La entrega de Cristo fue (y es) multifacética

tiempo de Pascua

En la estrofa anterior del Pange Lingua Santo Tomás llama a la estadía de Jesús un «destierro». Justamente porque Él, que es Rey, pero no de este mundo (Juan 18, 36), se rebaja a una posición infinitamente inferior para salvar a sus servidores.

Por tanto, la Pascua no fue un hecho más de la vida de Jesús.

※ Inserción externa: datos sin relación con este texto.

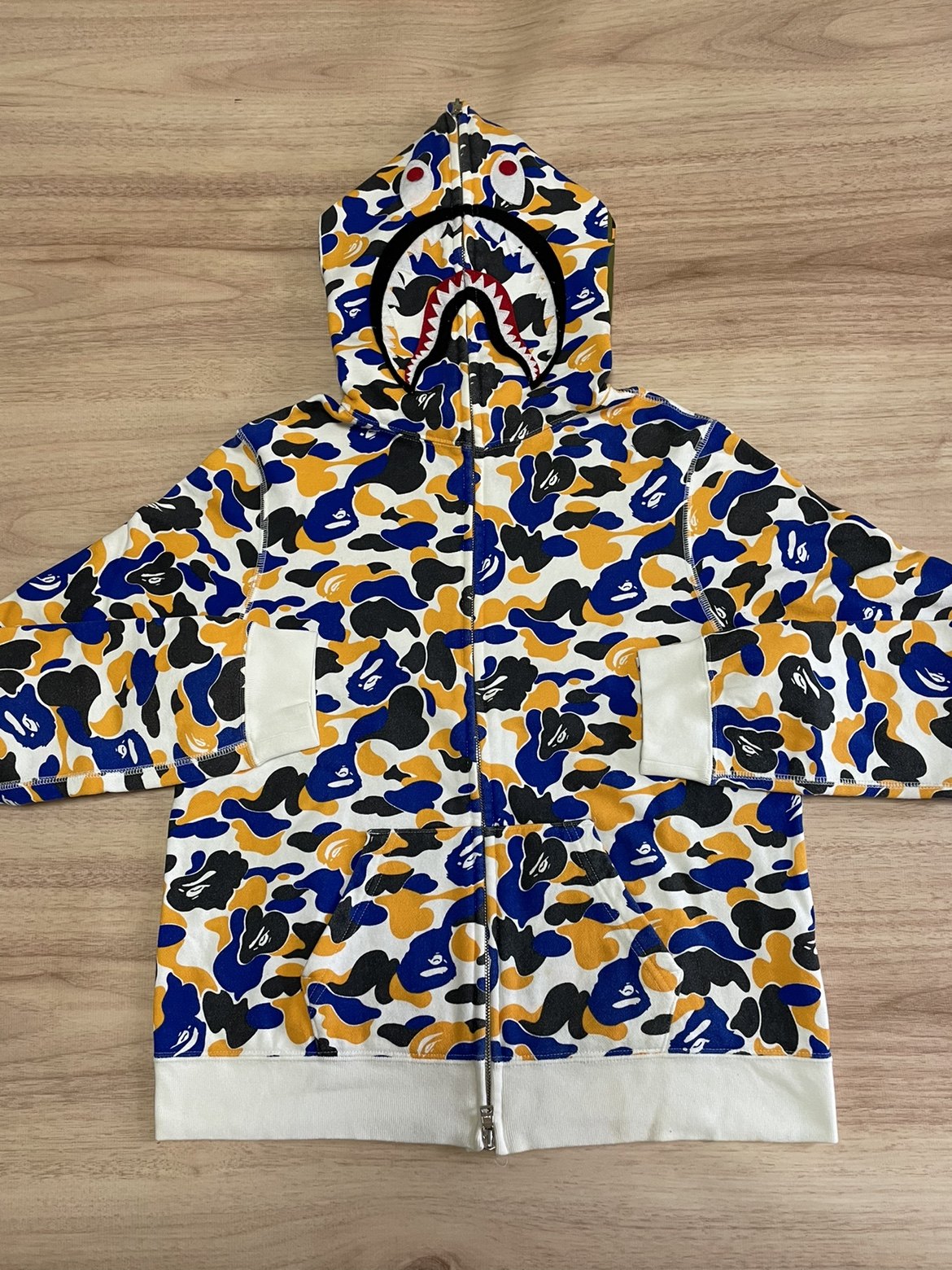 BAPE前桥限定鲨鱼连帽卫衣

Es el momento decisivo, el centro desde el cual estructuró toda su vida en la tierra, haciendo todo lo posible por nuestra salvación:

«Se dio, naciendo, como compañero; comiendo se entregó como comida; muriendo se empeñó como rescate; reinando, como premio se nos brinda» (Verbum Supernum Prodiens, 4ta estrofa)

Y justamente por eso entre sus últimas palabras Jesús dice: «Todo está cumplido» (Juan 19, 30).

No basta creer en la Pascua: hay que ser pascuales

tiempo de Pascua

Contrario a las afirmaciones que en un futuro declinarían en la herejía protestante, Santo Tomás expresa la propia incapacidad de la fe en darnos la Salvación:

«Más debe saberse que, aunque Cristo ha merecido suficientemente con su muerte en favor del género humano, debe buscar, sin embargo, cada uno los remedios de su propia salvación; pues la muerte de Cristo es como una causa universal de la salvación, como el pecado del primer hombre fue una causa universal de condenación Pero es necesario que la causa universal sea aplicada especialmente a cada uno, para que participe del efecto de la causa universal» (Summa Contra Gentiles, lib. 4, cap. 55).

Por tanto, no es suficiente que creamos en Jesús y en su sacrificio. ¡Es un gran paso, claro! El primero de todos y el más importante. Sin embargo, no es suficiente.

Al obrar sigue el ser, y una vez que nos declaramos cristianos debemos obrar como tales.

¿Creemos en Jesús? ¿Creemos en su Pascua…? Bárbaro, entonces hay que obrar en consecuencia. Pues «pascua» viene del hebreo (פסח, pésaj) y significa «salto». Los judíos celebraban el «salto» de la esclavitud en Egipto hacia la libertad.

Nuestro salto, sin embargo, es aún más grande: saltamos desde nuestra mugre hasta el Cielo. Pero ¡cuidado! Nos dice Santo Tomás: no tenemos alas.

Necesitamos que nos sostengan, necesitamos de Cristo para salvarnos, pues ni la sola fe en Él basta ni tampoco solo meras obras buenas. Ambas juntas, creencia y obra, son las que nos dan la vida eterna, pues muerta es la fe que carece de obras (Santiago 2, 17).

¡Santo Tomás de Aquino, ruega por nosotros en este tiempo de Pascua para comprender este misterio!